Exercise prompt:
After locating the line that holds "Celtic Formation 2012", copy that line and all that follow it word for word through the end of the data, with no pictures.

Entries provided:
▼▼▼

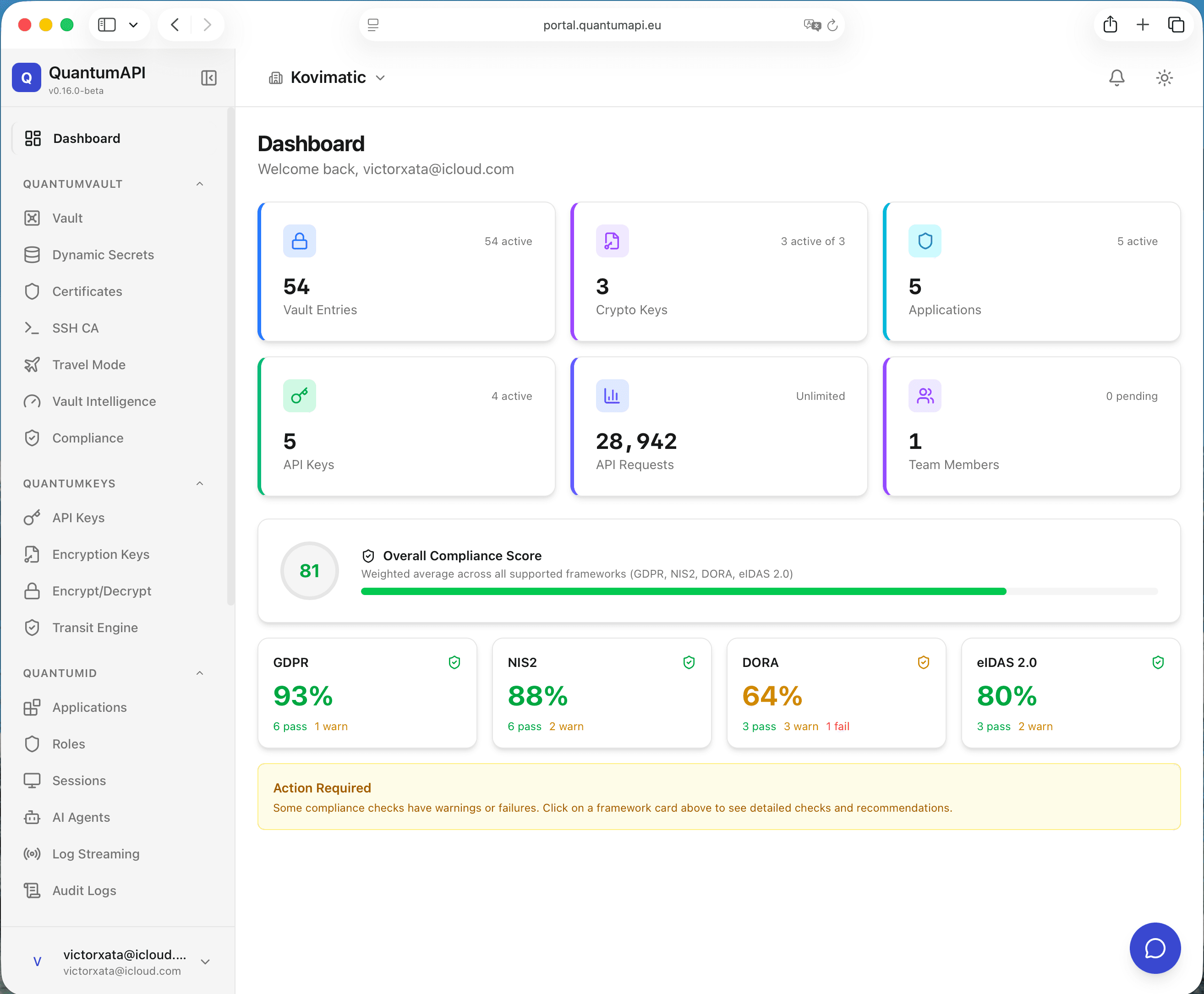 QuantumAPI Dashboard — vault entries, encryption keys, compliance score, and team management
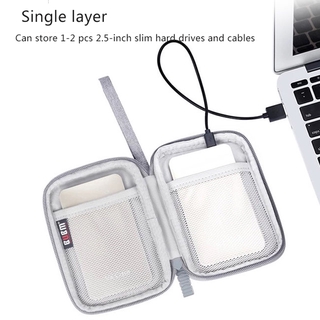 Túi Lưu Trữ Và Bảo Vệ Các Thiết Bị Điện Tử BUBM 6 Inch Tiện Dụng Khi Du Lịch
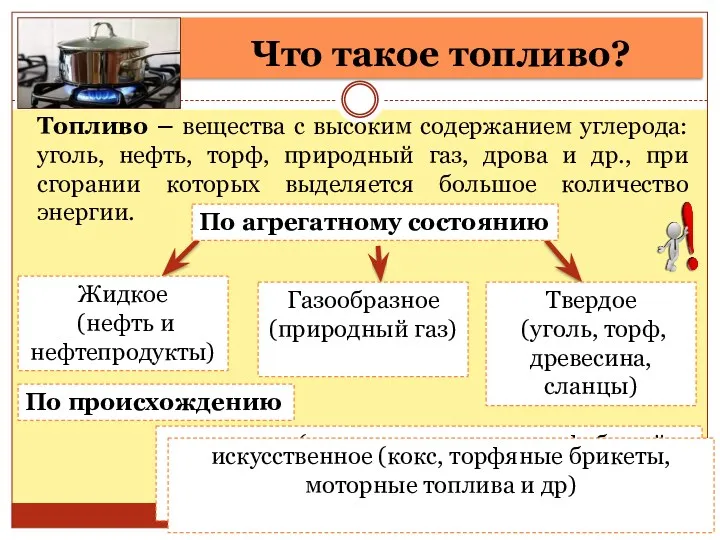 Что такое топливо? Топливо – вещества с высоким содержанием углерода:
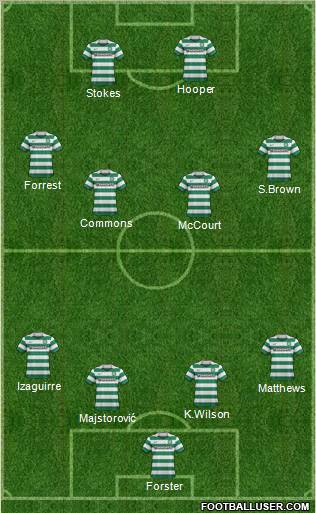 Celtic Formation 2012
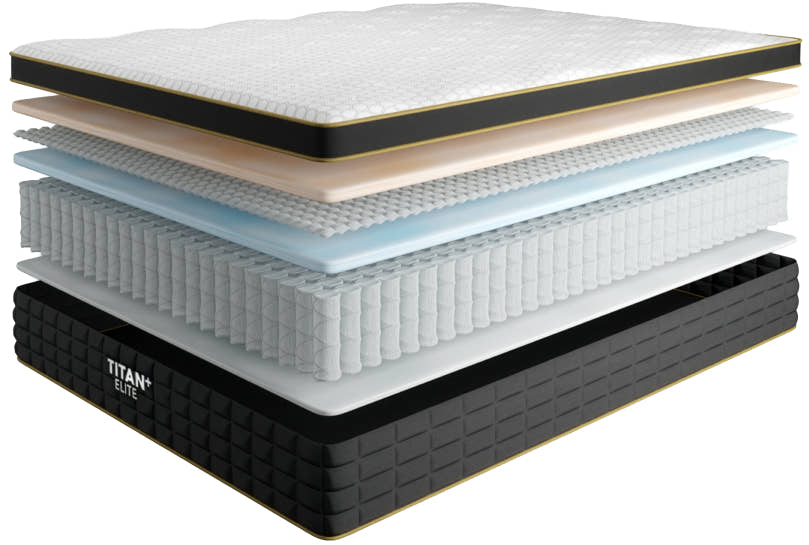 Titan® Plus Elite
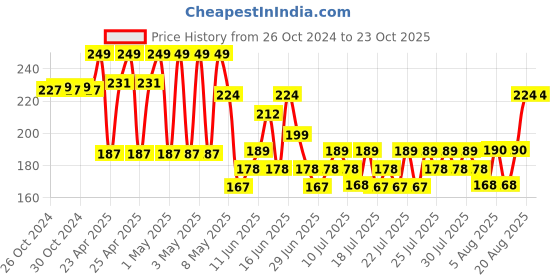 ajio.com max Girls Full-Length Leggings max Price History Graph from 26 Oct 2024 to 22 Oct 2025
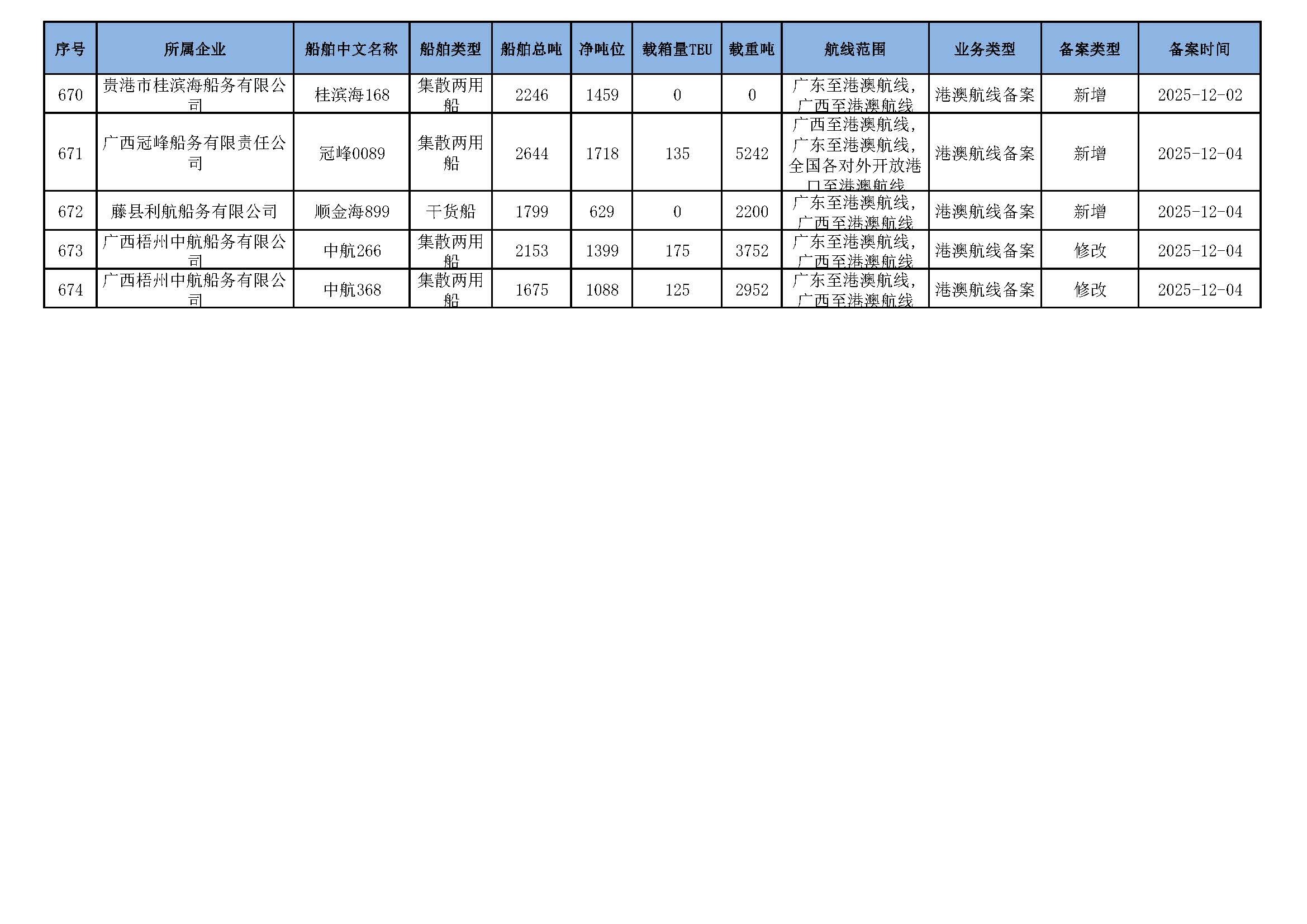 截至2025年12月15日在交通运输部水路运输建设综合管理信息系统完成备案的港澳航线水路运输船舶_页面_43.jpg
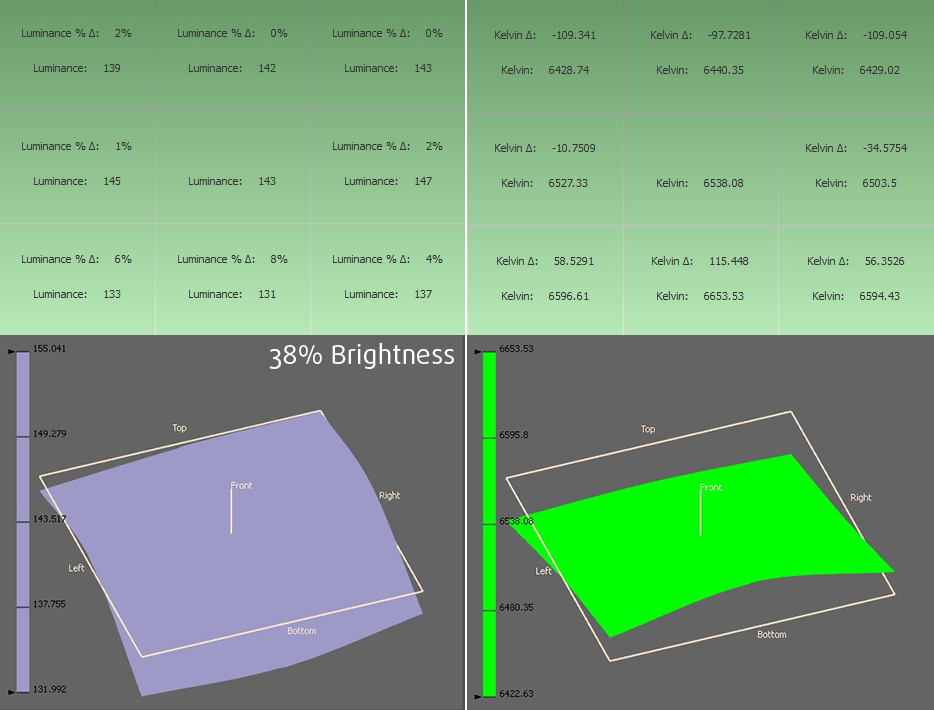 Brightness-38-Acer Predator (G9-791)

▲▲▲

Solution to this task:
 Celtic Formation 2012
 Titan® Plus Elite
 ajio.com max Girls Full-Length Leggings max Price History Graph from 26 Oct 2024 to 22 Oct 2025
 截至2025年12月15日在交通运输部水路运输建设综合管理信息系统完成备案的港澳航线水路运输船舶_页面_43.jpg
 Brightness-38-Acer Predator (G9-791)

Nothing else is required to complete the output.